Faktycznie, cała oś HoReCa była od początku projektowana jako szybka ulga dla najmocniej poturbowanych branż. Tylko że opinia publiczna widzi dziś przede wszystkim listy zakupów, nie ich uzasadnienia.
Gaszenie pożaru
Problemem minister Pełczyńskiej-Nałęcz jest to, że była szefowa PARP Katarzyna Duber-Stachurska, odwołana jeszcze pod koniec lipca, publicznie napisała, że Agencja to tylko wykonawca: „Ministerstwo zatwierdzało wszystko”, od regulaminów po szczegóły umów. Dodała, że kontrolę zlecono tym samym ludziom, którzy program prowadzili od półtora roku.
Przekaz był prosty: odpowiedzialność jest polityczna, nie urzędnicza. Ministerstwo odpowiada: to PARP i operatorzy mieli egzekwować zasady.
Twarde liczby pokazują skalę: w ramach HoReCa podpisano 3005 umów na łącznie ok. 1,2 mld zł; wypłaty sięgnęły dotąd ok. 110 mln zł. Po wybuchu afery PARP zapowiedziała intensywne kontrole u beneficjentów i operatorów — z możliwością szybkich zwrotów środków, jeśli wydatki nie spełniają celu programu. Swoje czynności sprawdzające uruchomiła też prokuratura regionalna. Te ruchy nie wyciszyły jednak politycznego huku.
Kontekst jest dla rządu zabójczo niewygodny. KPO było sztandarem nowej władzy i sukcesem na wejściu. Teraz opozycja ma amunicję, by opowiadać historię „rozpasania i kumoterstwa”, a internet niesie memy o „innowacyjnych jachtach”.
Rząd powtarza: „To był program po PiS-ie, celem było przetrwanie firm. Problem w tym, że to nie tłumaczy, kto i jak odcedzał projekty „na granicy absurdu” od sensownych inwestycji.
Z informacji, które zbieramy w KPRM i koalicji, wynika, że wtorkowa narada na posiedzeniu rządu ma mieć dwa wątki. Po pierwsze porządkowy: audyt ex post na wybranej próbie, jednorodny standard „testu kryzysowego” i jasna ścieżka korekt finansowych (wstrzymanie refundacji, rozwiązanie umów, twarde wytyczne dla operatorów).

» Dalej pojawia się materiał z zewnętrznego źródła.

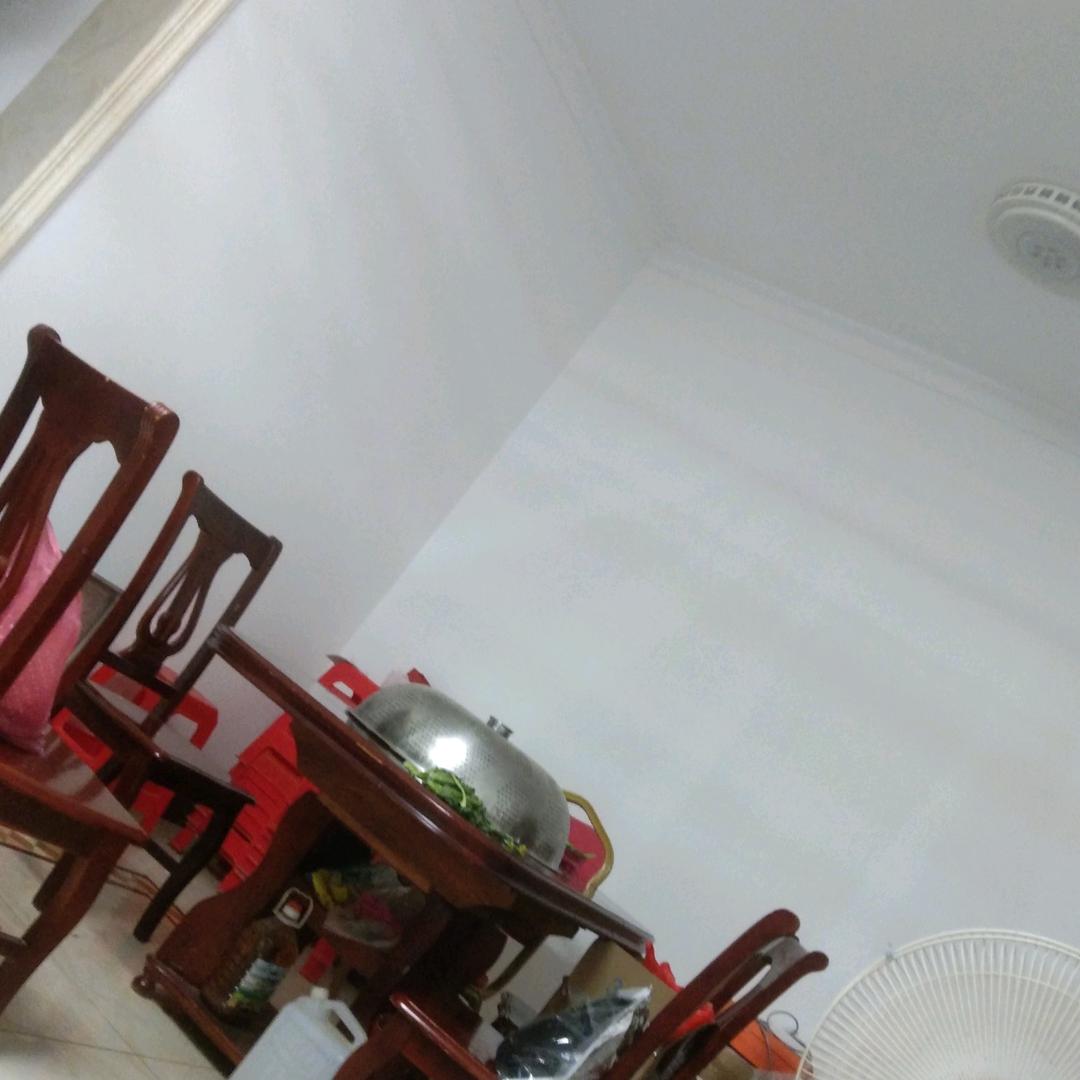 卢诗瑶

Po drugie personalny: odpowiedzialność, poczynając od PARP, przez operatorów, po nadzór w ministerstwie. Na tym tle rośnie ryzyko dymisji. Z informacji Onetu wynika, że zagrożona jest sama minister Pełczyńska-Nałęcz.
Warto pamiętać, że relacje Donalda Tuska i szefowej MRiFR już wcześniej nie należały do najłatwiejszych. W koalicji wraca jak echo niedawne spięcie wokół wicepremiera dla Polski 2050. Minister publicznie sugerowała, że teka wicepremiera jest na twardo przeznaczona dla jej środowiska od listopada. Donald Tusk tego nigdy nie potwierdził.
Co dalej? Scenariusz minimalny to reset programu: wstrzymanie wypłat tam, gdzie projekty budzą wątpliwości i szybkie korekty zasad wspierania odporności na kryzys tak, by nie finansować dóbr luksusowych, nawet jeśli formalnie mieszczą się w opisanym wcześniej katalogu.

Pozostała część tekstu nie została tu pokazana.